We use foreach to print out the elements of the report stream. In order to print an element, it’s necessary to determine what that element is by prompting the user for input and applying report. In practice, what we get is a program that repeatedly receives keyboard input and reports its length.

That pretty much works. But we didn’t attend to the magic word yet: the above program just keeps prompting for new inputs till the cows come home. This one doesn’t:

object SayPlease extends App {
  def report(input: String) = "The input is " + input.length + " characters long."
  def inputs = Stream.continually( readLine("Enter some text: ") )
  inputs.takeWhile( _ != "please" ).map(report).foreach(println)
}
takeWhile stems the stream at "please". No more elements (user inputs) will be generated once that element is reached. (Cf. the earlier example of takeWhile on a random stream.)

Practice on Streams

There’s a piece missing from this REPL example:

import scala.util.Randomimport scala.util.Random
val sumOfSixDieRolls = Stream.continually( Random.nextInt(6) ).???.sumsumOfSixDieRolls: Int = 19

What can you write in place of the question marks to make the code sum up six numbers, each between 1 and 6 (inclusive)?

import scala.io.StdIn._

object Program extends App {
  def streamOfInputs = Stream.continually( readLine("Write something: ") )
  val result = streamOfInputs.dropWhile( _.length < 5 ).head
  println(result)
}

What does that program print out?

import scala.io.StdIn._

object ExampleApp1 extends App {
  val userInputs = Stream.continually( readLine("Enter a number: ") )
  println(userInputs.take(4).mkString(","))
  println(userInputs.take(4).map( _.toInt ).product)
}

What does that program do? (Let’s assume the user types in integer numbers and doesn’t interrupt the program.)

import scala.io.StdIn._

object ExampleApp2 extends App {
  def userInputs = Stream.continually( readLine("Enter a number: ") )
  println(userInputs.take(4).mkString(","))
  println(userInputs.take(4).map( _.toInt ).product)
}
This program is identical to the previous one except that userInputs is defined as a function.
This means that accessing userInputs twice gives us two separate Stream objects.

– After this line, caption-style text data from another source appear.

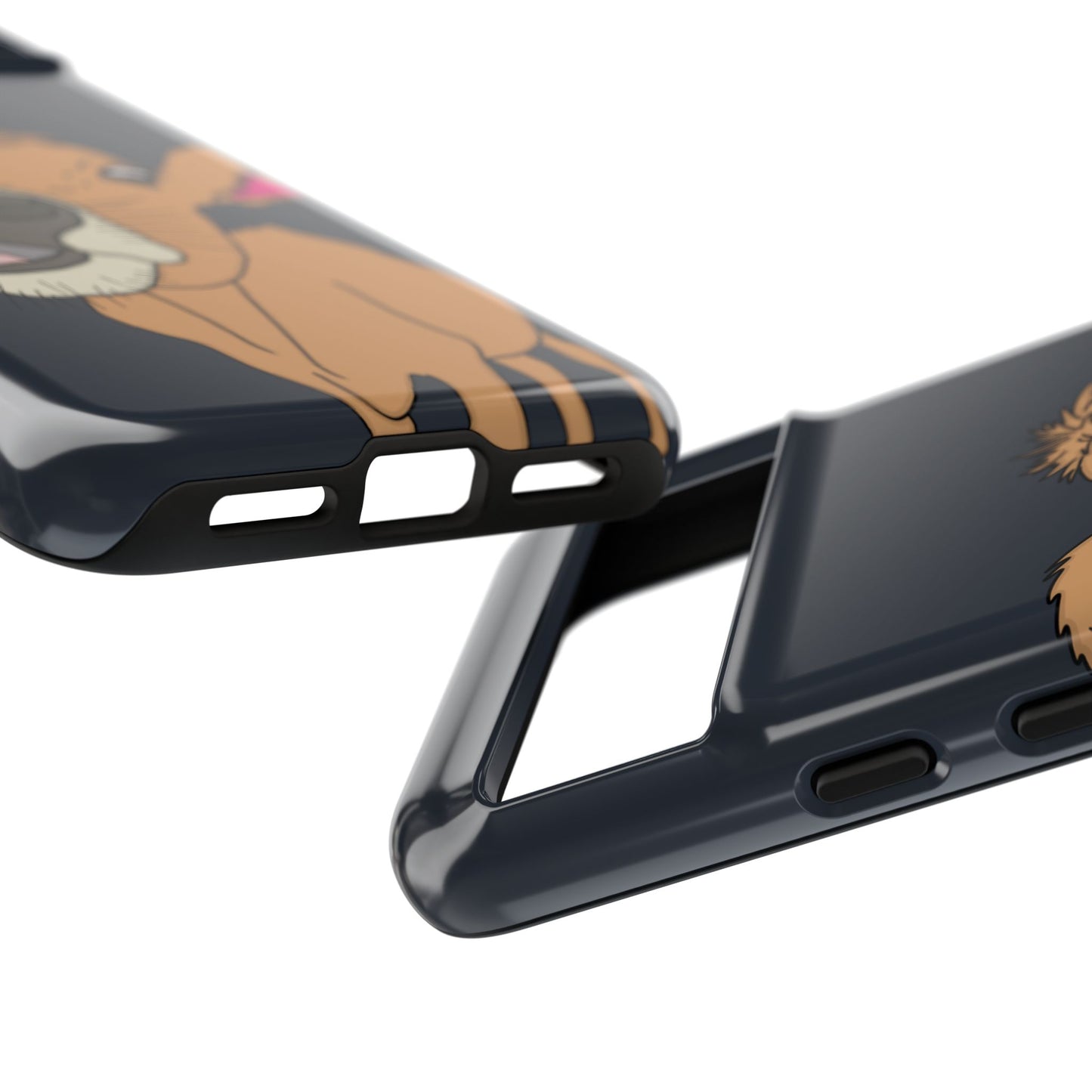 Navy jersey android case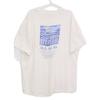 HANES 90's White Bob Dylan Print T-Shirt Tops XL whiteUsed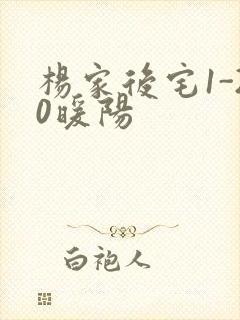 杨家后宅1-20暖阳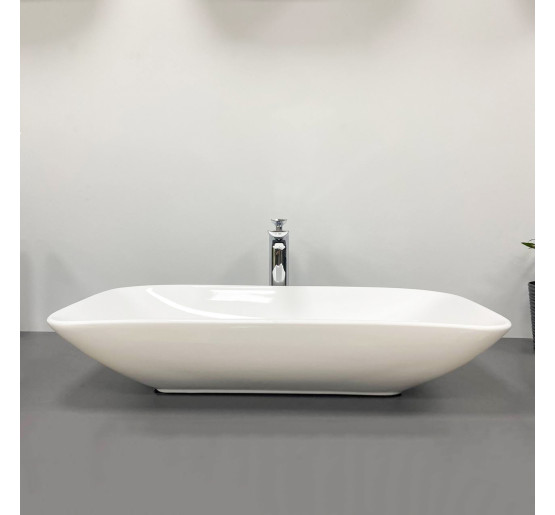 Умивальник (раковина) VBI PINETO WHITE накладний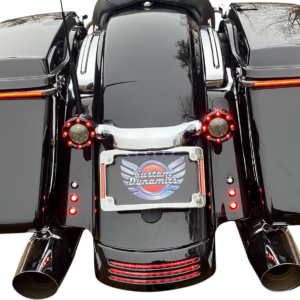 Radius License Plate Frame - Chrome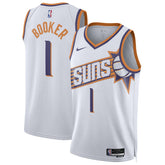 Devin Booker Phoenix Suns Unisex Swingman Jersey - Association Edition - White sale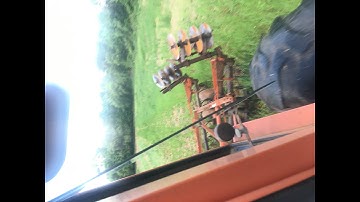 Allis Chalmers 7020 Disking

Which of the following correctly describes what this program does?

Assignment: Sentiments about Movies

Let’s create a program that reads in the user’s short textual comments about movies. The program then tries to figure out whether each of those user inputs is positive or negative in tone. That estimate will be based on thousands of earlier movie reviews that have been written by real people, manually marked as positive or negative by a human, and made accessible to the program.

The more difficult and laborsome parts of this program have already been written. You’ll only need to put the user interface in order.

Task description

Your task is to fetch Sentiments and complete its user interface in MovieSentimentApp.scala. The UI should work in the text console as shown below.

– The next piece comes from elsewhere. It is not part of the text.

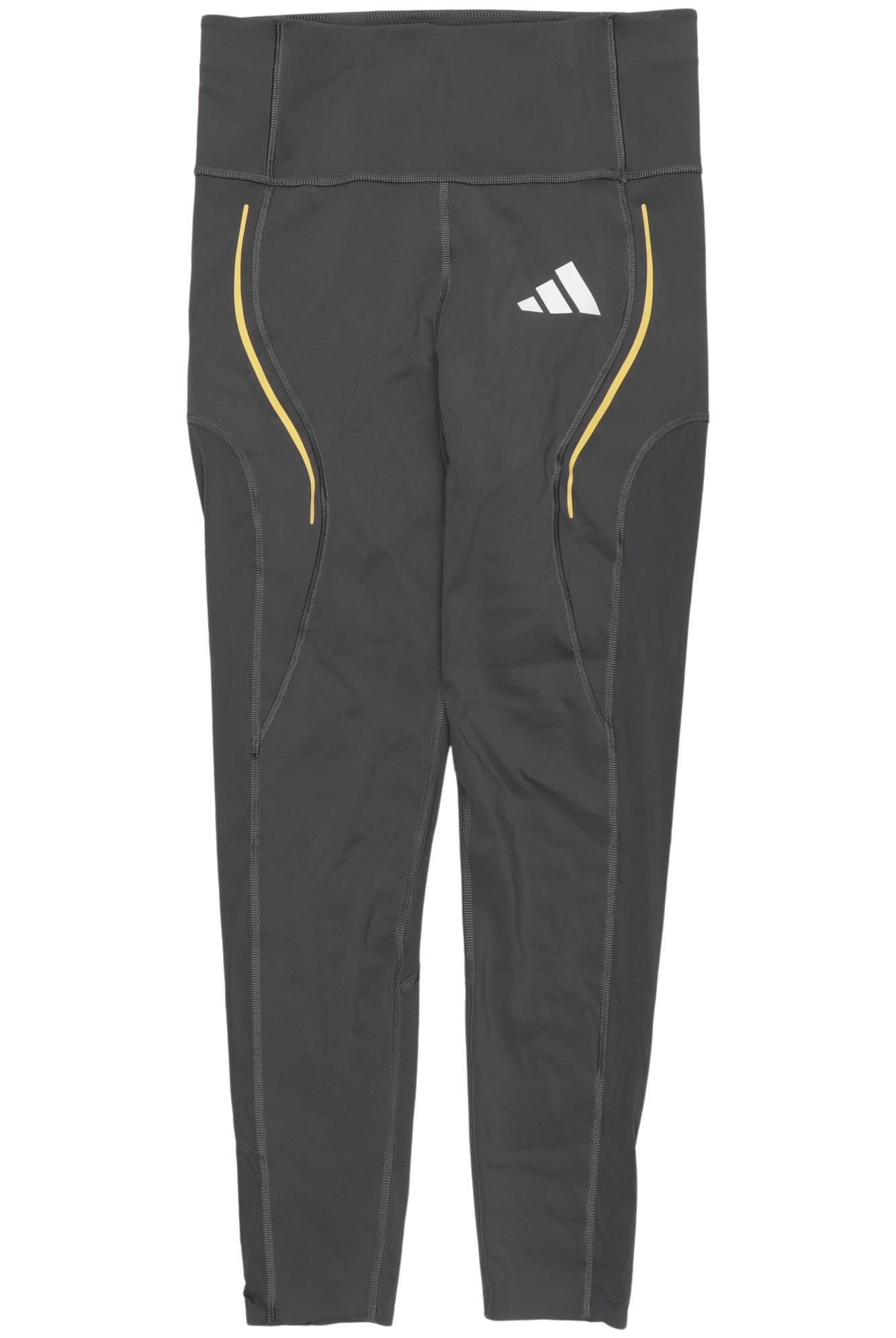 

adidas Damen Stoffhose, grau, Gr. 0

Please comment on a movie or hit Enter to quit: This is a masterpiece, a truly fantastic work of cinema art.
I think this sentiment is positive. (Average word sentiment: 0.36.)

Please comment on a movie or hit Enter to quit: I hated it.
I think this sentiment is negative. (Average word sentiment: -0.41.)

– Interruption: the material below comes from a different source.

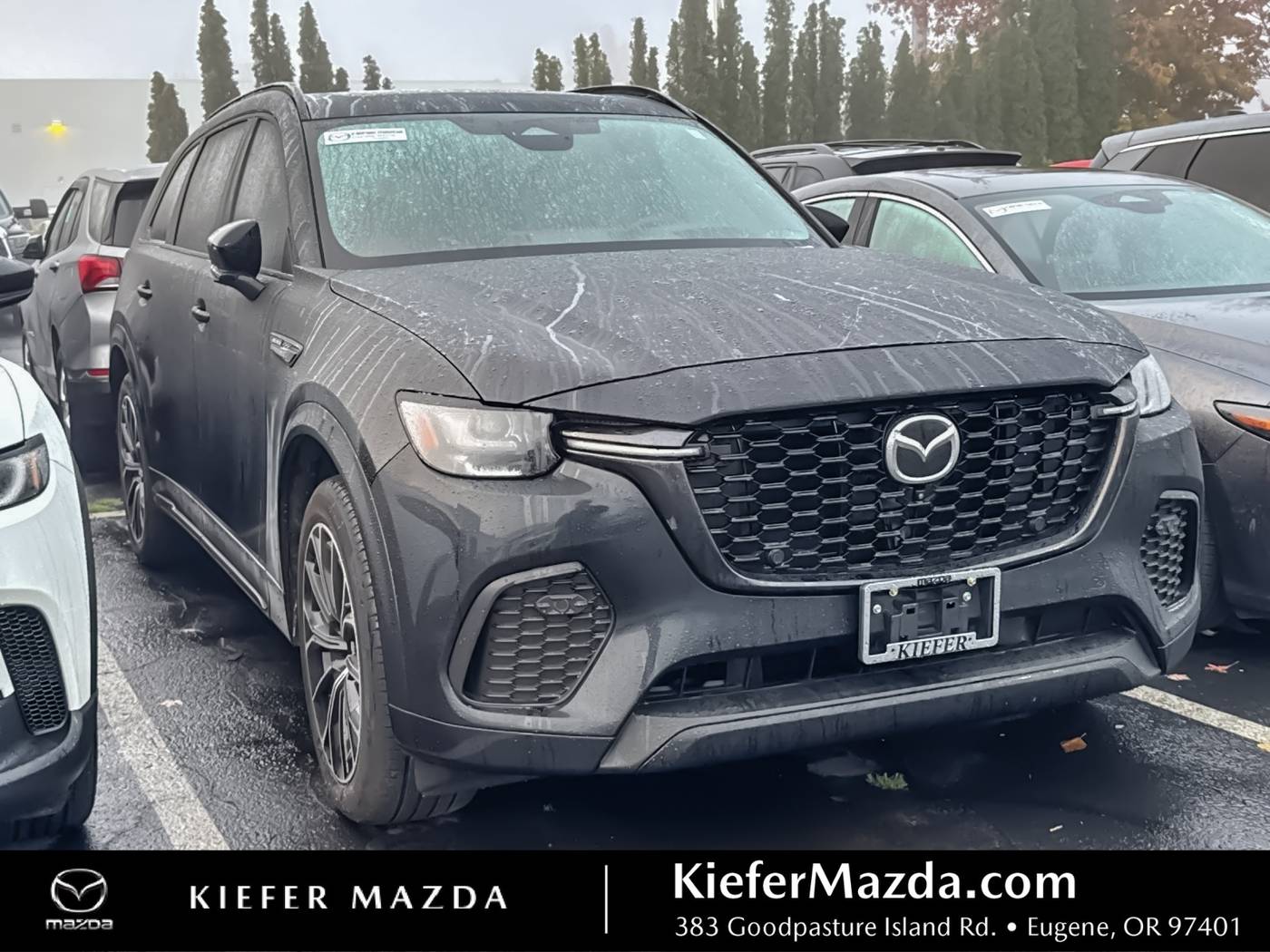 2025 Mazda CX-70 S Premium Plus — SUV — 6,579 mi — Eugene, OR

Please comment on a movie or hit Enter to quit: The plot had holes in it.
I think this sentiment is negative. (Average word sentiment: -0.28.)

Please comment on a movie or hit Enter to quit: Adam Sandler
I think this sentiment is negative. (Average word sentiment: -0.80.)

Please comment on a movie or hit Enter to quit: It was great.
I think this sentiment is positive. (Average word sentiment: 0.04.)

Please comment on a movie or hit Enter to quit: It wasn't great.
I think this sentiment is negative. (Average word sentiment: -0.16.)

Please comment on a movie or hit Enter to quit: It was "great".
I think this sentiment is positive. (Average word sentiment: 0.04.)

Please comment on a movie, or hit Enter to quit: 
Bye.
The program doesn’t even try for a finespun analysis: it just lumps the user’s inputs in two categories: positive and negative.
The program also reports a number that it used in making each decision. A positive number means that, on average, the individual words of the input tend to occur in positive movie reviews, judging by the genuine data the program has been trained with.
If the input is blunt enough, the program classifies it quite accurately. It doesn’t get punctuation, though, or many of the other subtleties of human communication.
The user stops the program with an empty input. (The input must be genuinely empty with no characters, not even spaces.)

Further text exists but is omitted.